What the task requires →
Reproduce all the data verbatim.

(Source data Opens)

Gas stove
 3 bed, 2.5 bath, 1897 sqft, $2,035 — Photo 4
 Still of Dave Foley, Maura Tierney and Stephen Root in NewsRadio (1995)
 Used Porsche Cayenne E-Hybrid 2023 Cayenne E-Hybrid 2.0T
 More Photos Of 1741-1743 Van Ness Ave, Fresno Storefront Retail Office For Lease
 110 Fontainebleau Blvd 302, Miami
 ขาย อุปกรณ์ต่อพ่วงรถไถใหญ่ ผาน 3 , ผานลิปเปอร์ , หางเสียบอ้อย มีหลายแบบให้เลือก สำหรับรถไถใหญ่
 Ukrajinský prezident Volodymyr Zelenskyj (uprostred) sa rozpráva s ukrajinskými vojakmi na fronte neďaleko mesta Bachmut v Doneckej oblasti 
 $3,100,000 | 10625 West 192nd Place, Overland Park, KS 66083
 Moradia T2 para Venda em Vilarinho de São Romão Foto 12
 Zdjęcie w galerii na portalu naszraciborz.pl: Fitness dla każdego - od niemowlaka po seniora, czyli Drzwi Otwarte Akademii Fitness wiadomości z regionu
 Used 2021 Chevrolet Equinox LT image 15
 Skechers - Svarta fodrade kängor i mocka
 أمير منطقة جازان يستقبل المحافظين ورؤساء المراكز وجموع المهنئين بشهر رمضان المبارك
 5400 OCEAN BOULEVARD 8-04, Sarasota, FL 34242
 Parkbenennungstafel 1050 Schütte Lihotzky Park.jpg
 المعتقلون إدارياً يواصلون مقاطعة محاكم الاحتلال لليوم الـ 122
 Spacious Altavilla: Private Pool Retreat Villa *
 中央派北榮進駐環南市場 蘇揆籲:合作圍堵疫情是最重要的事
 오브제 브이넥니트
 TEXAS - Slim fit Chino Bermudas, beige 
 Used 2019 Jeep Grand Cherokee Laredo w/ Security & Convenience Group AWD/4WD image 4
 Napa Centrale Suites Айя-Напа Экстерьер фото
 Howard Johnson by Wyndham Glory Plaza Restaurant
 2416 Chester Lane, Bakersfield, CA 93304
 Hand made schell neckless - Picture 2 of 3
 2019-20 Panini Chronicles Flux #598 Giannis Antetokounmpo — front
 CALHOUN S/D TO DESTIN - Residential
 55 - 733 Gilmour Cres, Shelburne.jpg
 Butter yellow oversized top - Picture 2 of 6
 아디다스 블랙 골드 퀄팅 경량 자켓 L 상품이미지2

(Source data Closes)

Exercise output →
Gas stove
 3 bed, 2.5 bath, 1897 sqft, $2,035 — Photo 4
 Still of Dave Foley, Maura Tierney and Stephen Root in NewsRadio (1995)
 Used Porsche Cayenne E-Hybrid 2023 Cayenne E-Hybrid 2.0T
 More Photos Of 1741-1743 Van Ness Ave, Fresno Storefront Retail Office For Lease
 110 Fontainebleau Blvd 302, Miami
 ขาย อุปกรณ์ต่อพ่วงรถไถใหญ่ ผาน 3 , ผานลิปเปอร์ , หางเสียบอ้อย มีหลายแบบให้เลือก สำหรับรถไถใหญ่
 Ukrajinský prezident Volodymyr Zelenskyj (uprostred) sa rozpráva s ukrajinskými vojakmi na fronte neďaleko mesta Bachmut v Doneckej oblasti 
 $3,100,000 | 10625 West 192nd Place, Overland Park, KS 66083
 Moradia T2 para Venda em Vilarinho de São Romão Foto 12
 Zdjęcie w galerii na portalu naszraciborz.pl: Fitness dla każdego - od niemowlaka po seniora, czyli Drzwi Otwarte Akademii Fitness wiadomości z regionu
 Used 2021 Chevrolet Equinox LT image 15
 Skechers - Svarta fodrade kängor i mocka
 أمير منطقة جازان يستقبل المحافظين ورؤساء المراكز وجموع المهنئين بشهر رمضان المبارك
 5400 OCEAN BOULEVARD 8-04, Sarasota, FL 34242
 Parkbenennungstafel 1050 Schütte Lihotzky Park.jpg
 المعتقلون إدارياً يواصلون مقاطعة محاكم الاحتلال لليوم الـ 122
 Spacious Altavilla: Private Pool Retreat Villa *
 中央派北榮進駐環南市場 蘇揆籲:合作圍堵疫情是最重要的事
 오브제 브이넥니트
 TEXAS - Slim fit Chino Bermudas, beige 
 Used 2019 Jeep Grand Cherokee Laredo w/ Security & Convenience Group AWD/4WD image 4
 Napa Centrale Suites Айя-Напа Экстерьер фото
 Howard Johnson by Wyndham Glory Plaza Restaurant
 2416 Chester Lane, Bakersfield, CA 93304
 Hand made schell neckless - Picture 2 of 3
 2019-20 Panini Chronicles Flux #598 Giannis Antetokounmpo — front
 CALHOUN S/D TO DESTIN - Residential
 55 - 733 Gilmour Cres, Shelburne.jpg
 Butter yellow oversized top - Picture 2 of 6
 아디다스 블랙 골드 퀄팅 경량 자켓 L 상품이미지2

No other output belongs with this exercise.